(GS) Pernod Ricard : Absolut value for premium spirits; upgrade to Buy
Source of opportunity
Pernod’s shares have declined 22% since April, underperforming our
European Staples coverage by 17%, leaving the shares at an 18% P/E discount
to the sector, near six-year lows. While Pernod is far from immune from the
current challenging conditions in EM, we believe it should be able to deliver
improving growth driven by stabilization in China, solid growth in India, and
improvement in the US and Europe. If the US$ strengthens, it would also
benefit from transactional FX. Longer term, we view Pernod’s 38% exposure
to aged spirits as attractive. Our FY16-18 EPS forecasts are 2%/3%/4% ahead
of I/B/E/S consensus.
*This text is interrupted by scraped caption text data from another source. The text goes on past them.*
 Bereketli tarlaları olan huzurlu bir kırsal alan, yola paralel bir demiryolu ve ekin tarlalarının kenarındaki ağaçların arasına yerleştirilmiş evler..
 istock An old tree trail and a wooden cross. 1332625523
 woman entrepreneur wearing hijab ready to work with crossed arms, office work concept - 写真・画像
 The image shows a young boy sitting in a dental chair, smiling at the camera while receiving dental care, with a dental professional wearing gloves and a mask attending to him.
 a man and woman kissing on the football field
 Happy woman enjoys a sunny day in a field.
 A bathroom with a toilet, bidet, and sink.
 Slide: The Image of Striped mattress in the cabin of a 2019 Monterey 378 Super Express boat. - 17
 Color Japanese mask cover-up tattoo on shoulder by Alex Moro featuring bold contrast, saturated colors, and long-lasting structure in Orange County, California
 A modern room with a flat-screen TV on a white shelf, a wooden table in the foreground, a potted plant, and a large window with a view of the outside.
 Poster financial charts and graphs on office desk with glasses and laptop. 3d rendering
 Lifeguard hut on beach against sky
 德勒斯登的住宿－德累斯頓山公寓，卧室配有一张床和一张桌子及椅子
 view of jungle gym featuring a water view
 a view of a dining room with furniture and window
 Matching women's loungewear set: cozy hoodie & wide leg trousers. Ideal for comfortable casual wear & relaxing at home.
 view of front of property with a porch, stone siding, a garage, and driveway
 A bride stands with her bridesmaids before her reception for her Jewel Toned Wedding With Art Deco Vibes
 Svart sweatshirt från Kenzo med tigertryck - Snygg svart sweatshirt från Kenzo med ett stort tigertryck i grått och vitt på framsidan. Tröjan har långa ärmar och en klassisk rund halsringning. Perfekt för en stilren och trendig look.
We upgrade our rating to Buy from Neutral.
Catalyst
Pernod will report 1Q sales and give FY16 guidance on October 22. We expect
2% group organic sales growth for 1Q and guidance of 1%-3% organic
operating profit growth; our FY16 estimate is 3.5%. Given the company’s
transactional exposure to the US$, the shares should also perform well on
US$ strength. Our economists forecast the US$ to strengthen vs. the euro by
10%, 12%, and 18% over the next 3, 6, and 12 months.
Valuation
We increase our target P/E to 16.5x (from 16.0x) to reflect Pernod’s recent
trading (we continue to apply this to our June 2017 forecasts). As a result,
our 12-month price target increases to €98 (from €97). Pernod trades on a
CY16E P/E of 15.3x, a 23% discount to our European Staples coverage and a
6% discount to its 5-year average. Of the 18 Staples companies we cover
with a market cap of at least $10 bn, only Imperial Tobacco is cheaper.
Key risks
Risks to our view include: 1) weaker growth in key markets (e.g. US, China,
France, India); 2) Adverse FX moves (e.g. US$ depreciation or GBP, SEK
appreciation); and 3) value destructive cash deployment.